The campus police appeared to escalate the situation unnecessarily, first putting their hands on Meyer who, to that point, had done nothing more than commandeer the microphone and make a nuisance of himself, then tasering him when there were appeared to be enough police to force him from the auditorium through alternate methods.

(Note to Meyer: Some black men find it jarring to be called "bro" by a white man who's not a friend or family member. It seems condescending or unnecessarily racial. If the black man is a police officer holding a Taser, it's much safer to go with "sir" or "officer."

From the sound of it, Kerry kept his usual formal bearing (read stiff) throughout the entire affair, trying to cool down the situation by asking everyone to "calm down" a message that sounded like it was meant for Meyer and the cops as much as the crowd.

However, the joke he made while Meyer was on the floor with police attempting to restrain him was weird in a typically Kerry way. "Unfortunately, he's not available to come up here and swear me in as president." Thud.


That video made me sick to my stomach. You are witnessing George Bush's America, an Orwellian police state where descent= treason. That legacy will live long past the Bush years, and may in the end be his most important (I didn't say positive) contribution to society.

Several years ago here in DC, many of my friends, while peacefully demonstrating against the Iraq War, started being commandeered by police on horseback until all their exits were blocked. They were then cuffed, thrown into a scorching bus, and left there for between 7-26 hours.

Yes, the police chief did eventually resign over it. But if you think this type of Gestapo behavior does not have a chilling effect on democracy, you are willfully turning a blind eye.

The hand-picked crowds enforced by political hacks with no legitimate legal authority, the echo-chamber media which doesn't report but rather creates the stories, the endless questioning of patrotism for any political speech... It is all straight out of 1984.

America should be ashamed at what we have become. Haven't the terrorists already won? We're told their goal was to make us change our way of life. Haven't they?
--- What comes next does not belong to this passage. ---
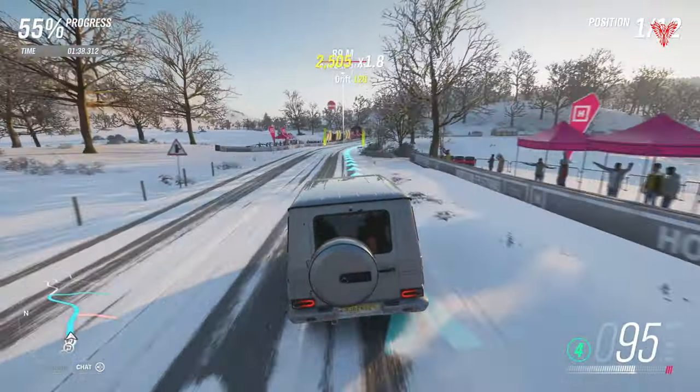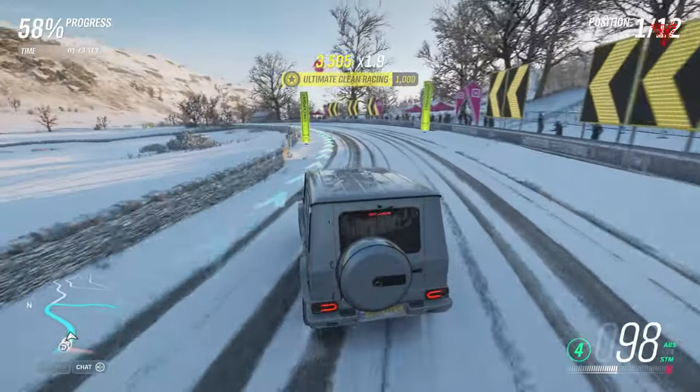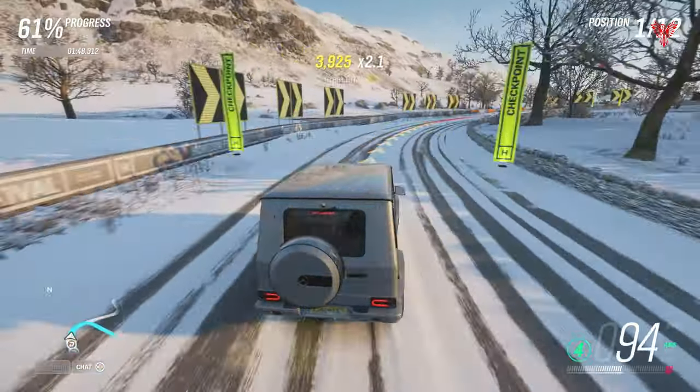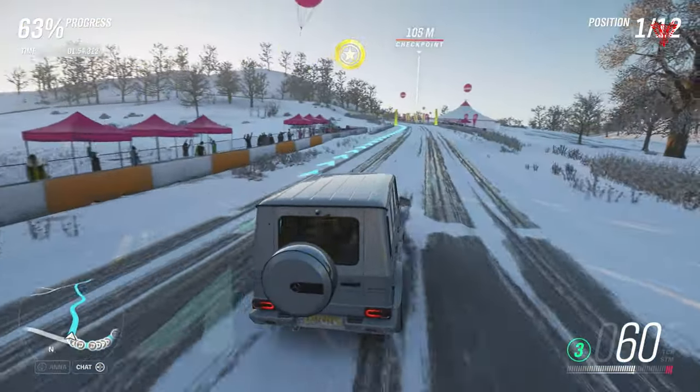That would have given me a better opportunity to take these corners in more of a drift style, rather than just going around, locking up and juddering. Lesson learned on that one, but it's 62 percent now — I mean, first hasn't got a massive lead.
We suspend the basic tenets of the Constitution and a common law concept of justice that dates back to the time of the Magna Carta. We invade and occupy sovereign nation who have not attacked us without a Declaration of War. We live in constant fear of the next "threat" lurking around the corner.

In short, we have already given up much of it means to be America, and the world knows is.

I watched the video a few times this morning on CNN. From what I saw, Mr. Meyer deserved what he got. When 3-5 officers order you to stand down and you fail to comply, they are authorized to convince you to do so. In my opinion, the officers showed a great deal of restraint in not tasering the boy immediately. In the video, an officer drew down on Mr. Meyer and subsequently holstered his weapon. It was Mr. Meyer's continued resistance that led to his being tasered. If any disciplinary action should be metted out, it should be against Mr. Meyer and not the officers. On video, these individuals showed restraint, compassion and eventually the resolve to do their jobs. They should be congratulated... not thrown under the bus by a bunch of students only out to protect themselves from possibly getting tasered in the future.